[Scraped caption text data]

════════════════

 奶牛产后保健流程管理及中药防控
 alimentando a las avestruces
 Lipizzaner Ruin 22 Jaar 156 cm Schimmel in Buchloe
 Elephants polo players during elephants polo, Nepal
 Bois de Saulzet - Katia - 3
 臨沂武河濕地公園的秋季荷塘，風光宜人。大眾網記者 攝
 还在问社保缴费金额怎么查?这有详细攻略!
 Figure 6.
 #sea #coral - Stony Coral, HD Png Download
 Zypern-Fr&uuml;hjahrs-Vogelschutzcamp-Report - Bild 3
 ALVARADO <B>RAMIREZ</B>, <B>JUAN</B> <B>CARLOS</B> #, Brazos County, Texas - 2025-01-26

════════════════

ASSIGNED TASK. Repeat word for word from the line holding "Bois de Saulzet - Katia - 3" down to the last line above, including both.

SOLUTION TO THIS TASK.
 Bois de Saulzet - Katia - 3
 臨沂武河濕地公園的秋季荷塘，風光宜人。大眾網記者 攝
 还在问社保缴费金额怎么查?这有详细攻略!
 Figure 6.
 #sea #coral - Stony Coral, HD Png Download
 Zypern-Fr&uuml;hjahrs-Vogelschutzcamp-Report - Bild 3
 ALVARADO <B>RAMIREZ</B>, <B>JUAN</B> <B>CARLOS</B> #, Brazos County, Texas - 2025-01-26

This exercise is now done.